[About this exercise]:
Each entry that appears below should be restated word for word.

[Stored data entries]
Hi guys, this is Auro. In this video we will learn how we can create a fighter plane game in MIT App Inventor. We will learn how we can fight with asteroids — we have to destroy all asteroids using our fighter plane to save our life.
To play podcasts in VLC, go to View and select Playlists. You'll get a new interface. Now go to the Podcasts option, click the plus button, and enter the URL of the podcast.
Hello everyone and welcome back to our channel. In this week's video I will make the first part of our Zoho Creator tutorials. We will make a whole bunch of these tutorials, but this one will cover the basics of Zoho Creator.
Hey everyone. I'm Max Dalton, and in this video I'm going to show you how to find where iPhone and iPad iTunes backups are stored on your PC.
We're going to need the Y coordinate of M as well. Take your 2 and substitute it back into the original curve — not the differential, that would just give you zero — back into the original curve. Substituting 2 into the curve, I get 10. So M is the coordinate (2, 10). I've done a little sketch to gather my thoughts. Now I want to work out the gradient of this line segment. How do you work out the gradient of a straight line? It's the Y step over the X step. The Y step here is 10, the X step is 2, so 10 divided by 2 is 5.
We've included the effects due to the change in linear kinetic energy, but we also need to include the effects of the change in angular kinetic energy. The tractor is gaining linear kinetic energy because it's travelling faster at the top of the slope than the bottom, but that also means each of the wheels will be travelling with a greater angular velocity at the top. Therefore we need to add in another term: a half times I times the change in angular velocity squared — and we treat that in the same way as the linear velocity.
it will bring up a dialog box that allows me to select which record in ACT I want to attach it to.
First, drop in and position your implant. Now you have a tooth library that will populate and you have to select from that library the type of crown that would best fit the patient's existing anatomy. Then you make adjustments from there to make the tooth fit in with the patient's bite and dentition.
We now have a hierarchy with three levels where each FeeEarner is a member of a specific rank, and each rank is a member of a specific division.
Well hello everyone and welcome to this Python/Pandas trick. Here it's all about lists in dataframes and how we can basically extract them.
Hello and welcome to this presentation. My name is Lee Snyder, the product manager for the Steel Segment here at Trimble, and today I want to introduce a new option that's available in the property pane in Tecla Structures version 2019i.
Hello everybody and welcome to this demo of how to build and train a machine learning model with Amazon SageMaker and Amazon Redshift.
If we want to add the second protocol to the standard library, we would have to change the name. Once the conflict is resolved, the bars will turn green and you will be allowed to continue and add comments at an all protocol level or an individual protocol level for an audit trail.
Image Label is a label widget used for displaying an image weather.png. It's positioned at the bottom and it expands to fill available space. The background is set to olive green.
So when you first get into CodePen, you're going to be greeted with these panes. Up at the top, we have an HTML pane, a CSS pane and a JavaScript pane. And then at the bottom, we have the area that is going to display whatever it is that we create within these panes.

[Result of the exercise]:
Hi guys, this is Auro. In this video we will learn how we can create a fighter plane game in MIT App Inventor. We will learn how we can fight with asteroids — we have to destroy all asteroids using our fighter plane to save our life.
To play podcasts in VLC, go to View and select Playlists. You'll get a new interface. Now go to the Podcasts option, click the plus button, and enter the URL of the podcast.
Hello everyone and welcome back to our channel. In this week's video I will make the first part of our Zoho Creator tutorials. We will make a whole bunch of these tutorials, but this one will cover the basics of Zoho Creator.
Hey everyone. I'm Max Dalton, and in this video I'm going to show you how to find where iPhone and iPad iTunes backups are stored on your PC.
We're going to need the Y coordinate of M as well. Take your 2 and substitute it back into the original curve — not the differential, that would just give you zero — back into the original curve. Substituting 2 into the curve, I get 10. So M is the coordinate (2, 10). I've done a little sketch to gather my thoughts. Now I want to work out the gradient of this line segment. How do you work out the gradient of a straight line? It's the Y step over the X step. The Y step here is 10, the X step is 2, so 10 divided by 2 is 5.
We've included the effects due to the change in linear kinetic energy, but we also need to include the effects of the change in angular kinetic energy. The tractor is gaining linear kinetic energy because it's travelling faster at the top of the slope than the bottom, but that also means each of the wheels will be travelling with a greater angular velocity at the top. Therefore we need to add in another term: a half times I times the change in angular velocity squared — and we treat that in the same way as the linear velocity.
it will bring up a dialog box that allows me to select which record in ACT I want to attach it to.
First, drop in and position your implant. Now you have a tooth library that will populate and you have to select from that library the type of crown that would best fit the patient's existing anatomy. Then you make adjustments from there to make the tooth fit in with the patient's bite and dentition.
We now have a hierarchy with three levels where each FeeEarner is a member of a specific rank, and each rank is a member of a specific division.
Well hello everyone and welcome to this Python/Pandas trick. Here it's all about lists in dataframes and how we can basically extract them.
Hello and welcome to this presentation. My name is Lee Snyder, the product manager for the Steel Segment here at Trimble, and today I want to introduce a new option that's available in the property pane in Tecla Structures version 2019i.
Hello everybody and welcome to this demo of how to build and train a machine learning model with Amazon SageMaker and Amazon Redshift.
If we want to add the second protocol to the standard library, we would have to change the name. Once the conflict is resolved, the bars will turn green and you will be allowed to continue and add comments at an all protocol level or an individual protocol level for an audit trail.
Image Label is a label widget used for displaying an image weather.png. It's positioned at the bottom and it expands to fill available space. The background is set to olive green.
So when you first get into CodePen, you're going to be greeted with these panes. Up at the top, we have an HTML pane, a CSS pane and a JavaScript pane. And then at the bottom, we have the area that is going to display whatever it is that we create within these panes.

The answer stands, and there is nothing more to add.